12 km von Pamukkale entfernt liegt eine noch so gut wie unbekannte Ausgrabungsstätte: Laodicea. Auch wir wären an dieser vorbeigefahren, hätten wir nicht den Tipp von Thomas‘ Papa bekommen der vor Jahren schonmal einen Blick auf das Gelände werfen konnte, als es noch nicht einmal eröffnet war (Thomas‘ Papa entwickelt Messtechnik für die Textilindustrie und war viele Male im naheliegenden Denizli, da dort eines der Textilindustriezentren der Türkei ist). Das günstige Ticket gab es direkt beim Pförtner und der kleine Parkplatz lag direkt vor der Ausgrabungsstätte. Neben uns gab es nur noch eine handvoll Besucher die über die riesige Ausgrabungsstätte liefen. In der Mitte spannte sich eine lange gepflasterte Straße an deren Seiten normale Wohnblöcke sowie Tempel standen. Von den Wohnblöcken konnte man noch die Grundmauern sehen, im Tempel gab es einen interessanten Glasfußboden der das darunterliegende Gewölbe zeigte. In einem schmalen Gebäude welches mit einer großen Plane überdacht war standen zwei Archäologen – eigentlich wollten wir nur fragen ob es möglich ist ein Foto zu machen, doch sie luden uns gleich ein einmal hinein zu kommen. In mühseliger Puzzlearbeit setzte der Eine kleine Steinstücke wieder zusammen, die am Ende Wandfliesen ergaben.

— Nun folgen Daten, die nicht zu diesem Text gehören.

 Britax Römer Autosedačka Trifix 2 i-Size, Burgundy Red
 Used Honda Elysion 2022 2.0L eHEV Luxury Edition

Der Andere war dabei den Fußboden wiederherzustellen – was für eine Arbeit.

Am anderen Ende der Ausgrabungsstätte konnten wir beobachten, wie gerade eine Säule mit einem großen Kran auf einen Sockel gehoben wurde – das Ganze dauerte ziemlich lange, war aber auch irgendwie spannend – live dabei bei den Ausgrabungen. An anderer Stelle wurde gerade eine Mauer ausgegraben – oder eine Straße: war für uns nicht ganz ersichtlich. Auf jeden Fall wurde uns so bewusst, wie viel Arbeit es wohl kosten muss eine ganze Stadt wieder auszugraben und herzurichten – wer weiß was sich noch alles unter den großen Wiesenflächen befindet?

Wir haben vorerst genug von alten Steinen und fahren weiter Richtung Ankara – hoffentlich wartet schon in der Hauptstadt das Usbekistan Visum auf uns.